Une hypothèse fascinante allait suivre, celle de la matière noire, c'est-à-dire celle que l'on ne voit pas, mais dont la présence est indispensable pour assurer dans nos calculs la cohésion des amas de galaxies que l'on observe. Et il en faut 6 fois plus que de matière visible ! L'acharnement fut grand pour chercher l'erreur : de nombreuses voies d'étude (gravitation, relativité générale, pesage aux rayons X, etc.) conduisent toutes à la même conclusion.
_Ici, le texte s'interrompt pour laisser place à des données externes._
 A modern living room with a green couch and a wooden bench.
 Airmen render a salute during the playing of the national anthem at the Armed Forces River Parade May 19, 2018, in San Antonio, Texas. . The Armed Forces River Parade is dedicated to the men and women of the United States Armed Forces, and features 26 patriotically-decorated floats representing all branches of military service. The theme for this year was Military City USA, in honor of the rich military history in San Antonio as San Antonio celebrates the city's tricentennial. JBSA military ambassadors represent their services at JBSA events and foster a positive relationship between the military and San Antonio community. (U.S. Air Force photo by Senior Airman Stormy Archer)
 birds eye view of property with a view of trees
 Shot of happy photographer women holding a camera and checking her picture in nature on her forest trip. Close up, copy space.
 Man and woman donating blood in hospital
Dans le cadre de nos lois, elle doit bien être là et dans la même proportion, quelle que soit la méthode utilisée. Notons au passage que cela aura renforcé le principe si fécond de l'universalité de nos lois terrestres. Ce qui est vrai ici l'est partout.
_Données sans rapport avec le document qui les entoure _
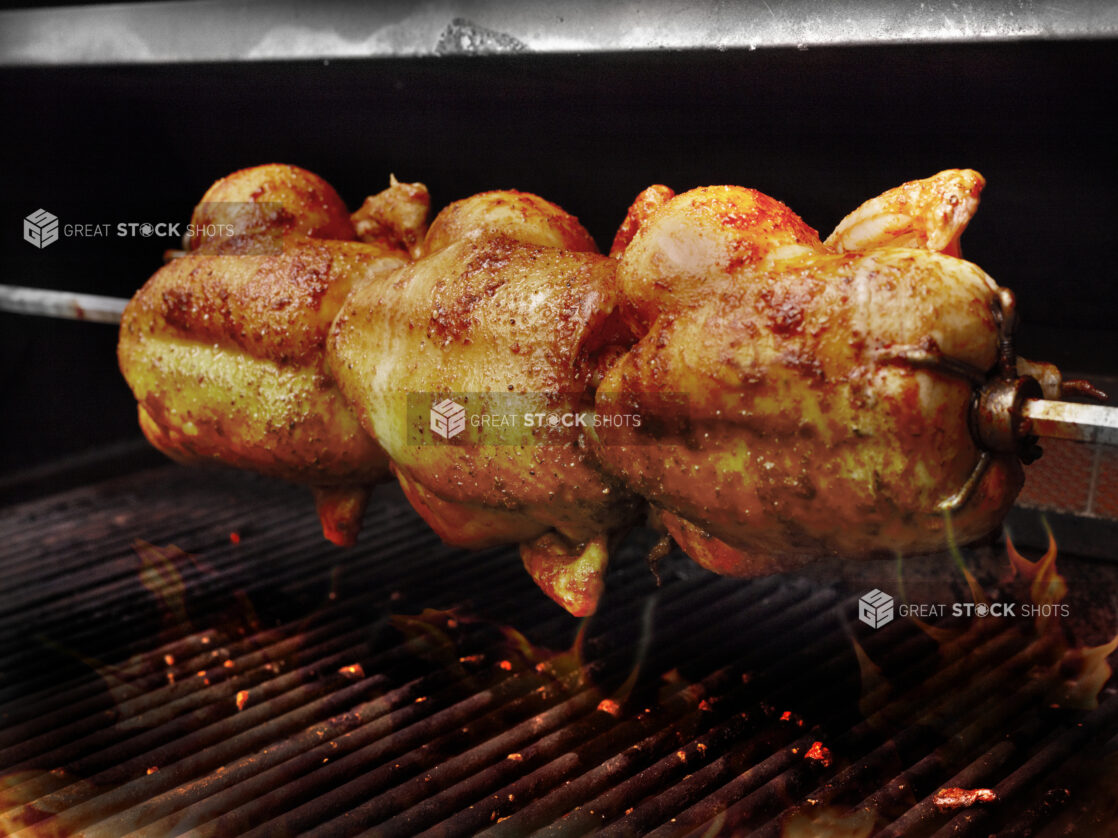 Three Whole Rotisserie Chickens on a Spit Over an Open Flame Barbecue Grill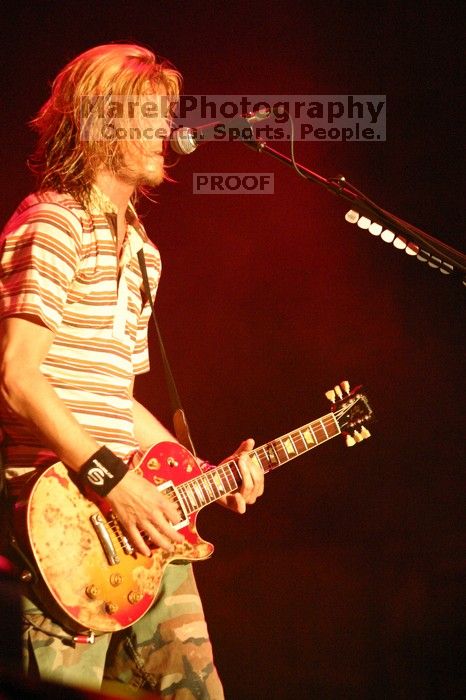 Puddle of Mudd performs on the 99X stage on the first day of Music Midtown, 2004.

Filename: IMG_6074.jpg
Aperture: f/2.8
Shutter Speed: 1/160
Body: Canon EOS DIGITAL REBEL
Lens: Canon EF 80-200mm f/2.8 L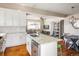Open-concept kitchen with a large island, stainless steel appliances, and stylish finishes at 190 S Canosa Ct, Denver, CO 80219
Une autre énigme allait secouer le monde scientifique, celle de l'énergie noire. En effet, l'univers, dont on sait calculer les distances des objets qu'il contient, non seulement n'est ni créé immuable ni stable, mais est en expansion et depuis quelque temps (6,2 milliards d'années !) est en accélération. Or, ceci contredit les conséquences prévues d'un équilibre entre les forces expansives de l'explosion initiale du Big-Bang et de la gravitation qui retient tout cela ensemble. Il manquait, là aussi, quelque chose, qui fut appelé énergie noire et dont le calcul, possible, montrait qu'au total la matière visible (normale) ne représente plus que 5% de l'énergie totale de l'univers. Le livre fait un remarquable travail d'explication de ces phénomènes et de leurs mesures. Et le 14 septembre 2015, une prévision de la relativité générale était observée : les ondes gravitationnelles et ceci avec l'intensité prévue par la théorie. Alors, d'où vient cette énergie qui manque dans le cadre de nos lois (difficiles à rejeter, vu leurs succès) pour expliquer notre univers en expansion accélérée ? La mécanique quantique nous répond : l'énergie du "vide" qui, comme vous vous en doutez, a cessé de l'être depuis que cette mécanique quantique s'est imposée. Alors, lisez ce livre pour en savoir plus...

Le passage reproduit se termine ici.